Eğer bir ülkede yetişen her dört kişiden üçü, devleti var eden siyasal sistemle kavgalı ise, eğitim sisteminin siyasal işlevini, etkili bir biçimde öğrencilere veremediği anlamına gelir. Eğitimin toplumsal işlevi ile, bireyler içerisinde yaşadıkları topluma entegre olurlar. Toplumun kültürünü, değerlerini ve inançlarını benimserler. Eğer bir ülkede eğitim sisteminden geçmiş, diploma almış bireyler, toplumun değerlerini reddediyor, toplumla kavgalı ve içinden çıktığı topluma tepeden bakmaya başlamışsa, okullar eğitimin toplumsal işlevini öğrencilere kazandırmada sorun yaşıyor anlamına gelir. Eğitimin diğer işlevi ekonomi üzerinedir. Eğitim kurumlarından mezun olan bireyler, ülkenin ekonomik sistemine uygun yetişirler. Ülke kapitalist ise, kapitalizmi, kolektivist ise kolektivizmi bilir ve bu ekonomik modele yatkın hale gelirler. Aynı zamanda iyi bir üretici ve iyi bir tüketici olmaları gerekir. Eğer bir ülke eğitim sisteminden geçen bireyler, kripto para borsalarına giriyor, Çiftlikbank’a para yatırıyor ve sonunda da aldatılıyor ise, eğitim sistemi ekonomik işlevini sorgulaması gerekir.

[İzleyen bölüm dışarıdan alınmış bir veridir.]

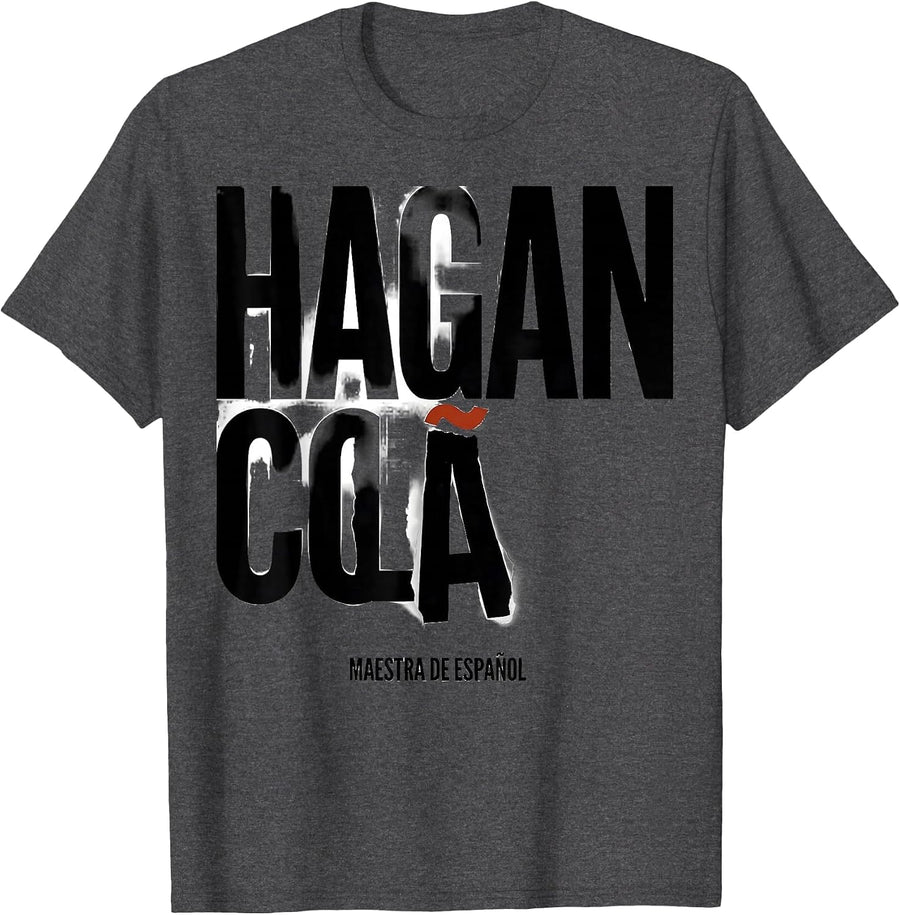 Men's Hagan Cola Maestra de Español Spanish Teacher Bilingual T-Shirt - Dark Heather Grey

Milli eğitimin hem genel hem de özel amaçları arasında ekonomik işlevine vurgu yapılır. Ancak, Türkiye’de her dört kişiden üçü kredi kartı mağdurudur. Kredi kartı ile gelirini düşünmeden sürekli alışveriş yapan bireyler, ay sonunda ödeme krizi yaşamaya başlar. Bu süreçte başarısız olduklarında, başka bir bankadan aldığı kredi kartından nakit çekerek diğer bankanın borcunu kapatmaya çalışır. Bu süreçte borcuna takla attırır. Daha sonra ödeme yapamadığında krize girer. Bir kısmı intihara teşebbüs eder, bir kısmının da aile hayatı ve ilişkileri bozulur. İlkokullarda öğretilen toplama ve çıkarma işlemi basit yolla hesaplanabilir. Gelir ile gider arasındaki uçurum arttıkça, ailenin bütçesi denk hale gelmedikçe ekonomik bunalımlar, krizler baş gösterir. Bireyler, tutumlu olmayı, elindeki kaynağı etkili kullanmayı eğitimin ekonomik işlevi ile kazanması halinde bu sorunları yaşamaz. Bireylerin sınırsız ihtiyaçları ile kıt kaynakları dengelemek iyi bir eğitim ve kültür işidir. Çocuk yaşlarda kazanılması ve davranışa dönüştürülmesi gerekir.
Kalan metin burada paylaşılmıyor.